## [What this task involves]
Your task is to return, word for word, only the lines from the line with "Corgi 1/50 diecast" through the close of the data. Exclude all pictures.

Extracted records
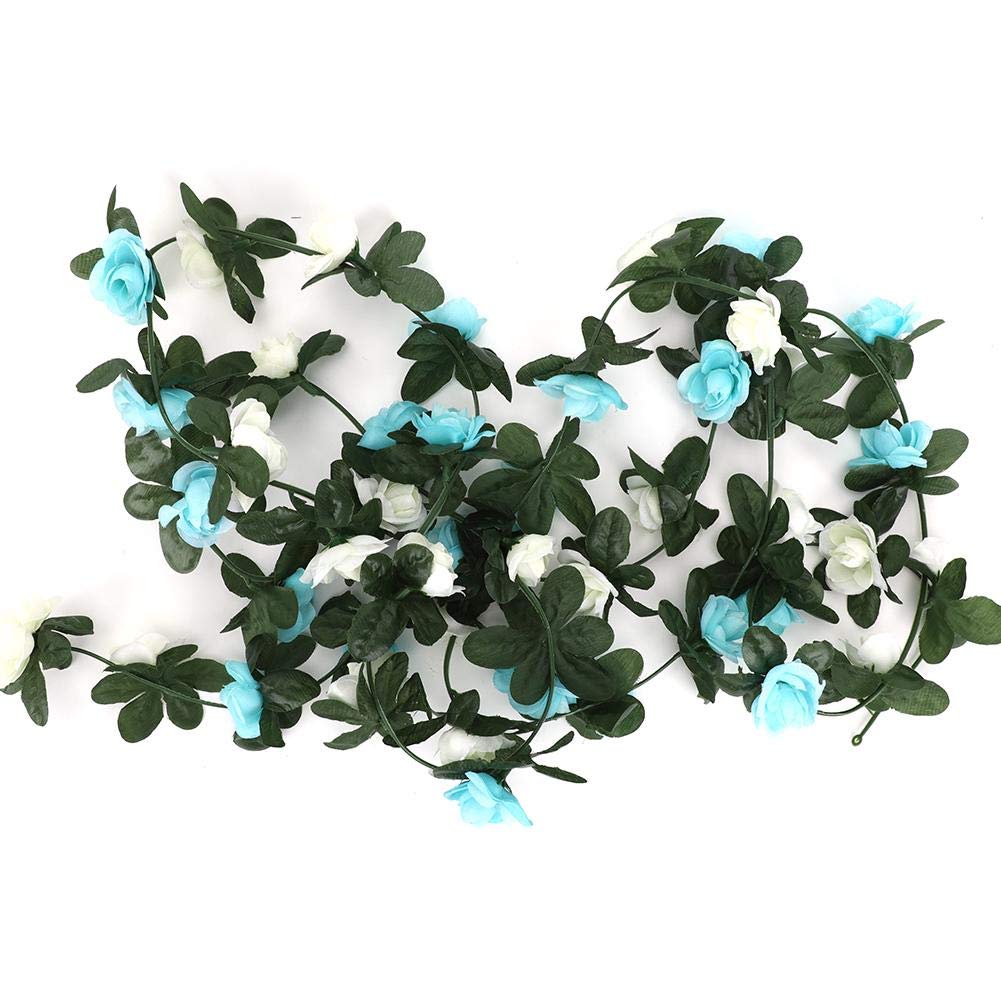 Okuyonic Artificial Rose Vine - Lifelike Blue & White Decorative Silk Rose Flowers for Wedding, Home, and Party Decor - High-Quality Simulation with Clear Lines & Extra Length - Perfect for Centerpieces, Wall Decor, and Event Styling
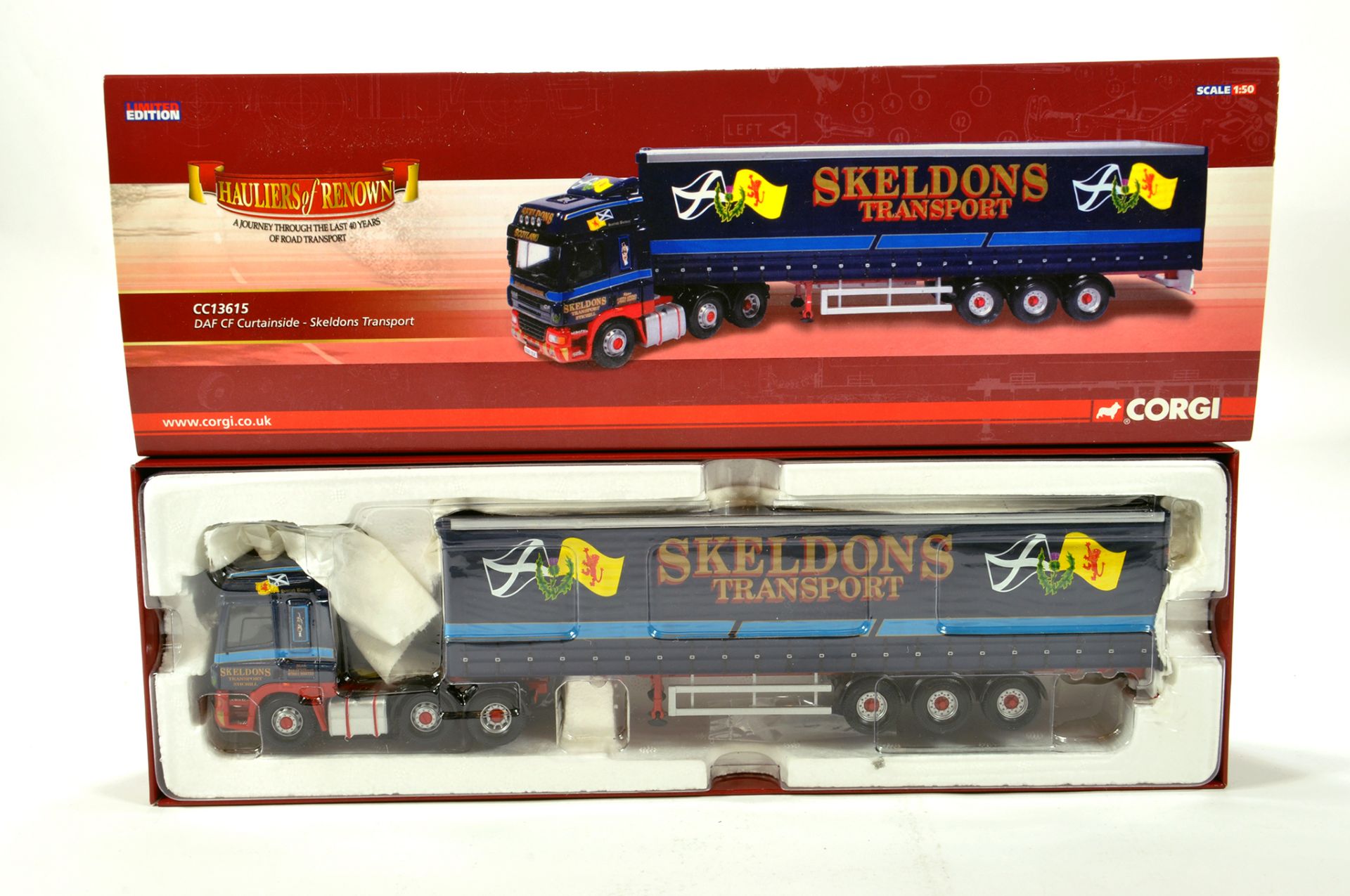 Corgi 1/50 diecast truck issue comprising No. CC13615 DAF CF Curtainside in livery of Skeldons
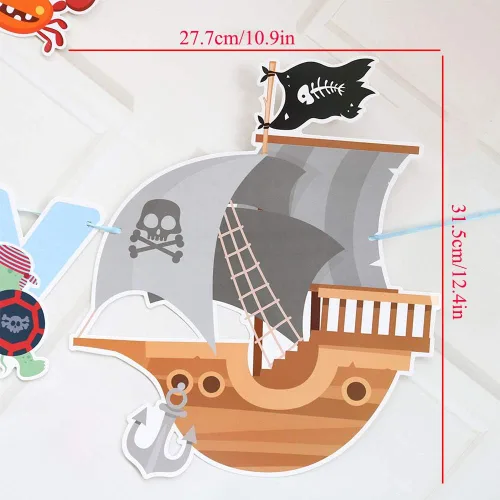 Vista 7 de Cartel de cumpleaños de pirata, decoraciones de fiesta para niños, suministros de fiesta temática pirata, pancarta de baby shower para niños 1, 2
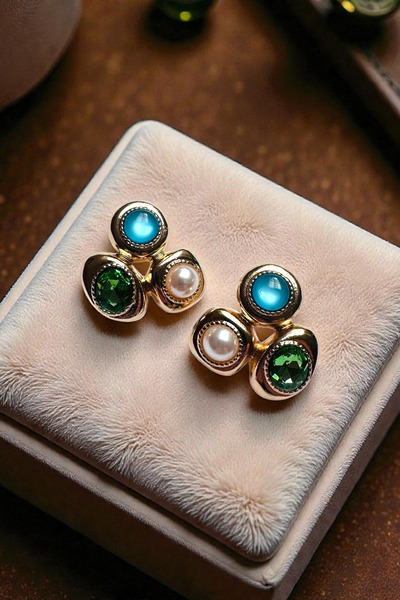 PETEK AKSESUAR Button Colorful Stone Earrings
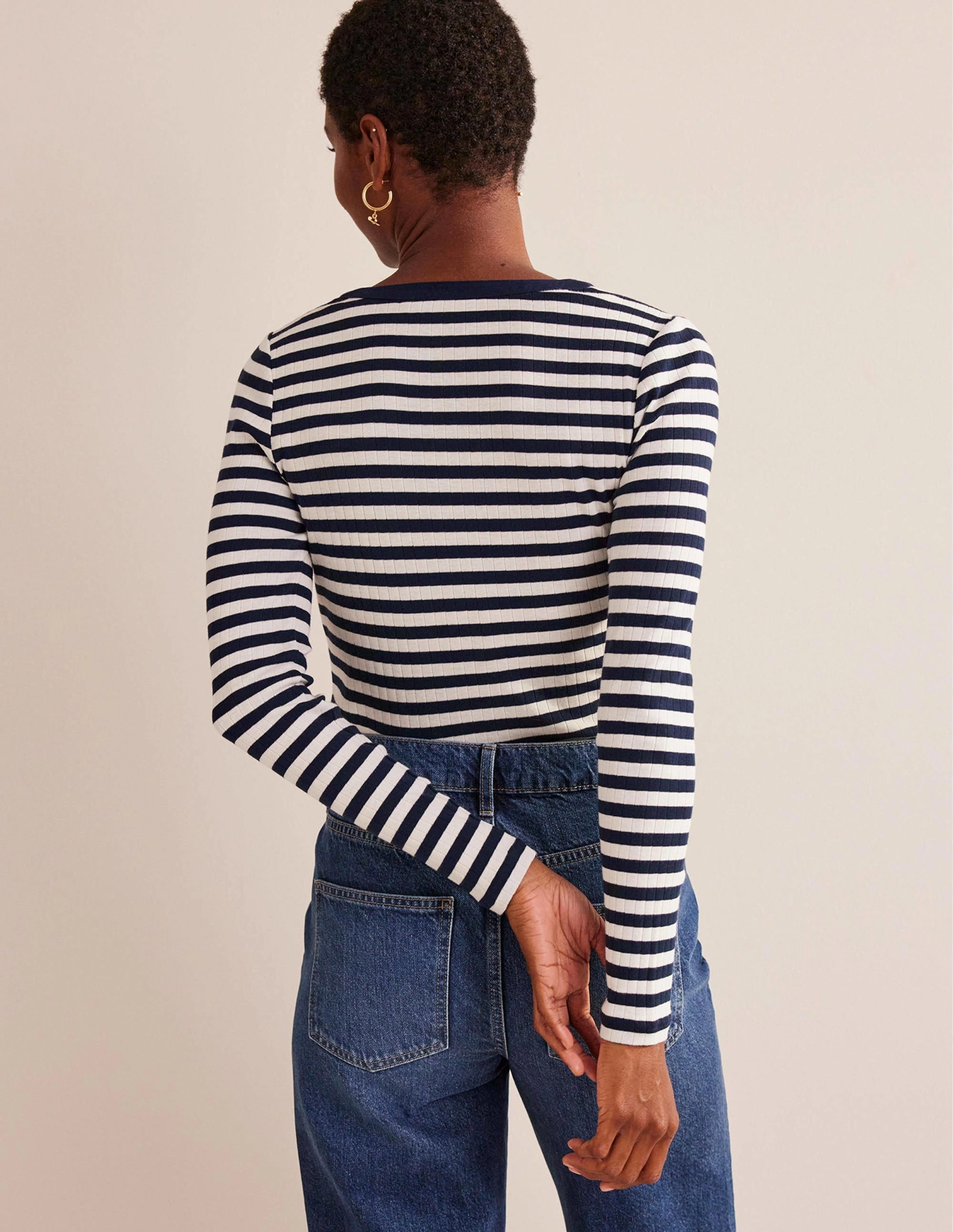 Anna Rib Henley T-Shirt-Navy, Ivory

## [Output of the task]
 Corgi 1/50 diecast truck issue comprising No. CC13615 DAF CF Curtainside in livery of Skeldons
 Vista 7 de Cartel de cumpleaños de pirata, decoraciones de fiesta para niños, suministros de fiesta temática pirata, pancarta de baby shower para niños 1, 2
 PETEK AKSESUAR Button Colorful Stone Earrings
 Anna Rib Henley T-Shirt-Navy, Ivory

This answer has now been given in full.